Thursday, November 6, 2008

For Young Newlyweds, a Life Deferred by War




By MICHAEL WINERIP
Published: November 5, 2008
HACKETTSTOWN, N.J.
Fred R. Conrad/The New York Times
THE WAIT Jonathan Gordon married Adrianna Rojas in March.
WAR can focus people, fast. Last New Year’s Eve, Adrianna Rojas, 17, a high school senior, learned that her boyfriend, Jonathan Gordon, 20, who pumped gas at the Citgo here on Route 57, was going to be shipped to Iraq with the New Jersey National Guard. Right there, on the spot, she proposed to him.
“I said, ‘We’re getting married,’ ” she recalled. “He said, ‘You know, I’d marry you in a heartbeat.’ ” But he’d been drinking, and the next morning he told her, “Ade, I have to think it over.”
She gave him a month; she was graduating from high school a half year early and told him she needed his answer by then. In the weeks that followed she tried not to bother him about it, but then she finished up at Hackettstown High, February arrived, and still no answer. “I said I have to know. He said he wanted to wait until he could get a ring — but yeah. So I made him ask me.”

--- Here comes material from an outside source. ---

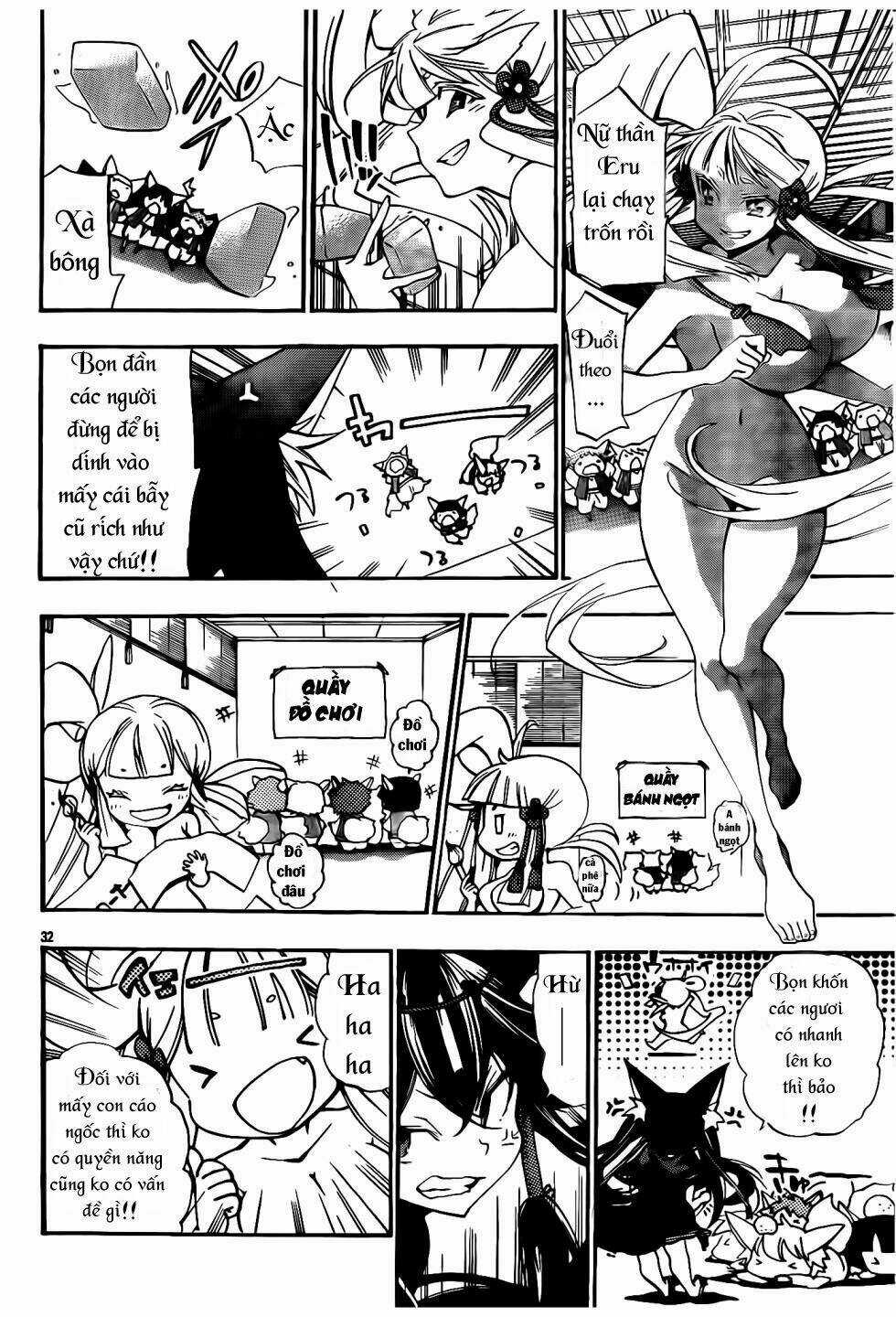 Kami-Sama Drop Chapter 7 trang 33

Many things had attracted Adrianna to “Gordon” — she usually calls him by his last name — and one was his decision to enlist. “This is a small town,” she said. “A lot of people here don’t have much ambition, don’t do much with their lives. Some of Gordon’s friends — they just hang out. Joining was giving him a head start over everybody. When he gets back, he’ll use the education benefits toward college. He’ll be working toward something.”

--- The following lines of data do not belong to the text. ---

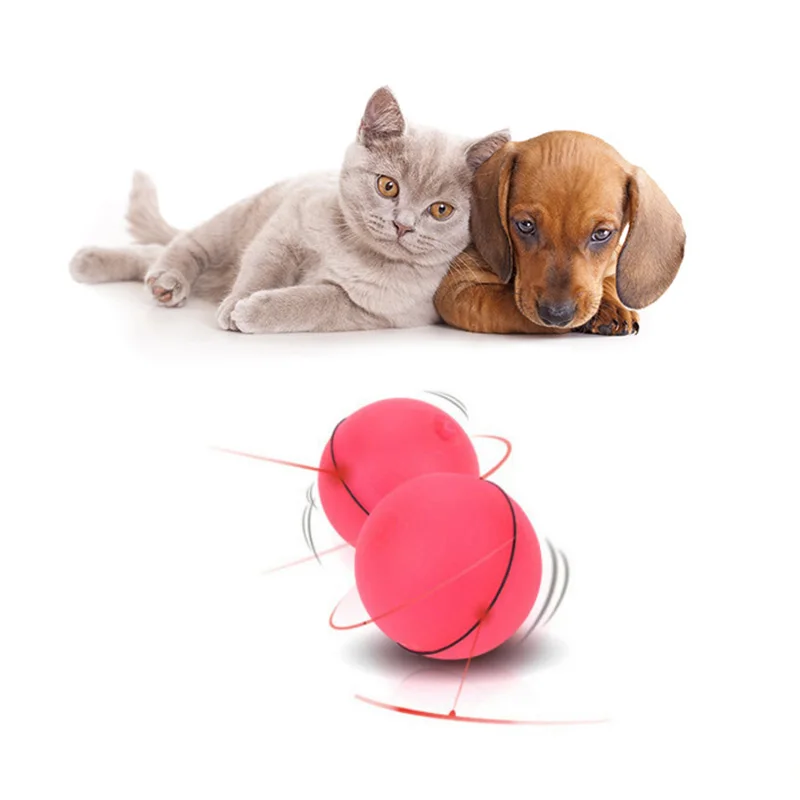 

Cat Interactive Toy Cat LED Laser Ball Toy Cats Interactive Laser Ball Electric Glowing Ball Laser Funny Cat Ball Toys Fun Toy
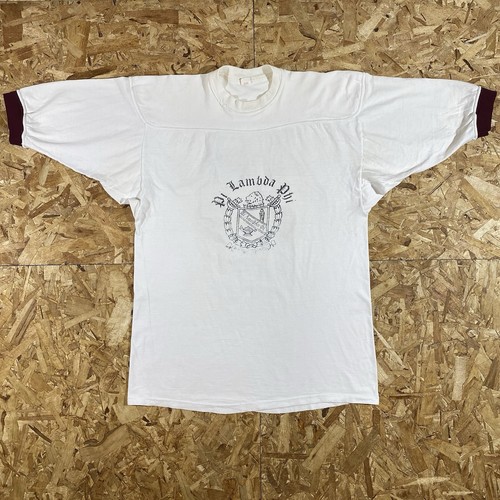 Camicia maglia bianca vintage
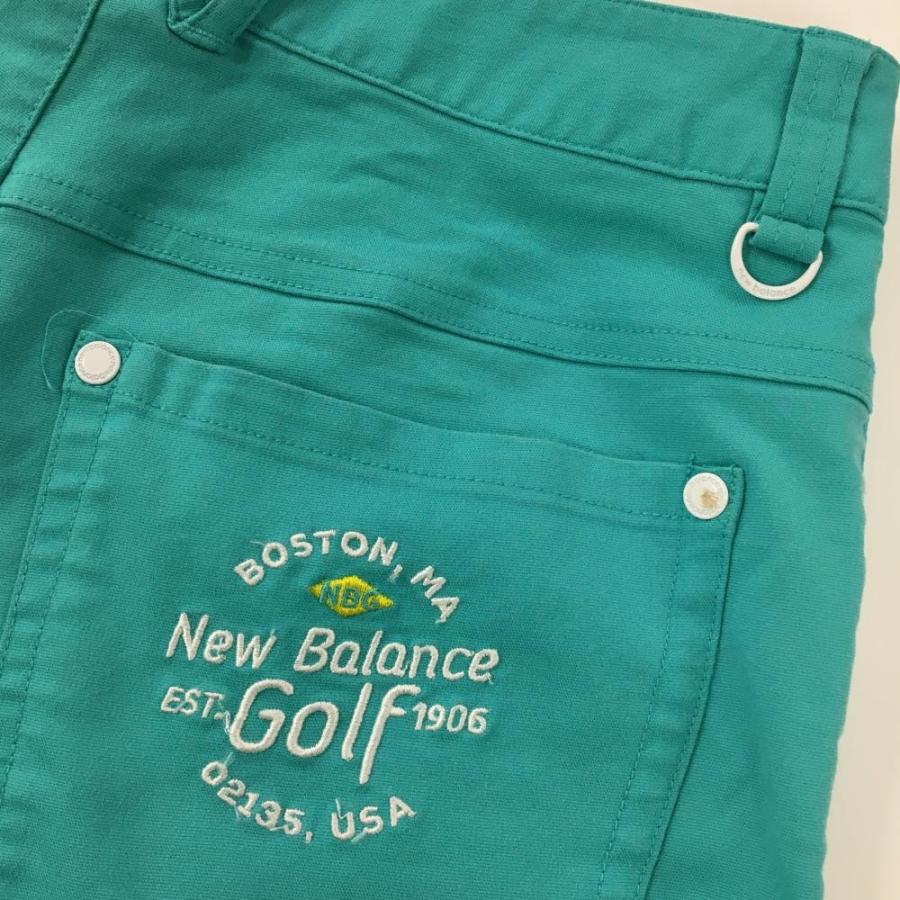 New Balance Golf（ニューバランスゴルフ） パンツ ブルーグリーン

Jonathan’s mother, Denise Gordon, 57, deals regularly with the public — she’s in customer service for A. M. Best, an insurance rating company — and knew what people might say when they heard the two were marrying so young. “Some people think, ‘Oh, she’s pregnant,’ or ‘They’re on drugs or messed up,’ but it’s not any of those things,” Ms. Gordon said. “Adrianna’s just very sure of herself for her age. She’ll make Jonathan’s life so much better.”
And so, in September, at dinner in a restaurant near Fort Bliss in El Paso — the last time the mother, the son and the 17-year-old wife were together before he shipped out to Iraq — Ms. Gordon invited her new daughter-in-law to move in with her while Jonathan was overseas.

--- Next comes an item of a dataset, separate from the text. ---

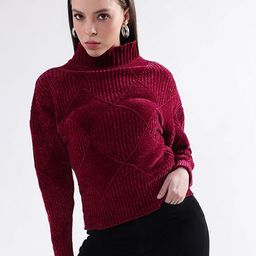 CENTRESTAGE Women Cotton Pullover Sweater-image-38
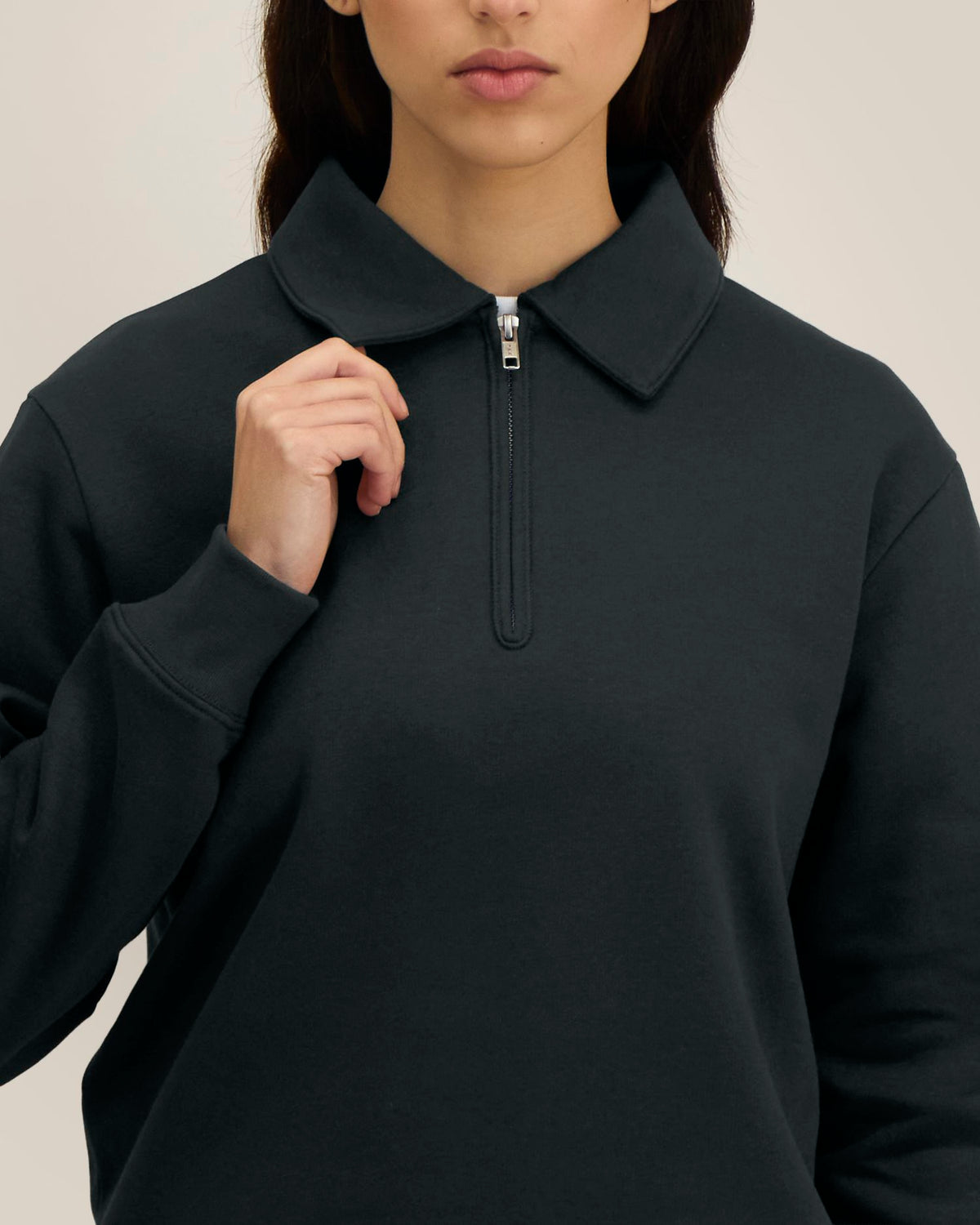 Proper - Black - Vorderseite Detail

“I said: ‘I’m living alone, I’d love the company. You can have Jonathan’s room,’ ” Ms. Gordon recalled. “I brought it up in front of Jonathan on purpose. I wanted him to see how much I thought of Adrianna. She just brushed it off fast. Not a topic to continue. I guess her mind was on other things.”
NEARLY half of New Jersey’s 6,000 citizen-soldiers are serving a yearlong tour in Iraq, the largest mobilization of the state’s National Guard since World War II. In June, they left for two final months of training at Fort Bliss, and in late summer they were given four-day passes to say goodbye to loved ones. Private Gordon’s mother and young wife traveled to El Paso together to see him off, though Ms. Gordon flew home two days early, to give the couple time alone.
For many Guard families, the deployment is a hardship, particularly for those with kids and those whose spouses are on their second tours — about 30 percent of the 2,850 soldiers in Iraq. But for young men like Jonathan Gordon, it’s an adventure that offers the financial means to escape small-town life, including a $15,000 signing bonus, the G.I. Bill for college and an $1,894 monthly combat housing allowance for the families left behind.
When Jonathan and Adrianna met in early June 2007, she didn’t know it, but he was already planning to enlist. He’d been talking to a recruiter from the Hackettstown Armory who used to take his meals across the street from the Citgo, at the River Star Diner.
“He wanted to get out of this town,” said Jonathan’s stepfather, George Evans, who is separated from Jonathan’s mother. “They liked Jonathan at Citgo — he’d been there two and a half years, he was one of their lead men, they trusted him with the keys.” But all he had was a high school diploma, and even living at home, it was hard to save much. “You’re stuck,” Mr. Evans said. “Not a lot of opportunity, not a lot of jobs.”
On June 23, 2007, Jonathan signed papers and quietly began readying himself for basic training at Fort Benning, Ga. “He stopped smoking and got his lungs in shape,” said Mr. Evans. “He’d run two miles to his job and run home the two miles — he wouldn’t take a ride.”
Fred R. Conrad/The New York Times
HIS ROOM Mrs. Gordon is living in her husband’s room, left, which she redecorated, and often receives a dozen text messages a day from him.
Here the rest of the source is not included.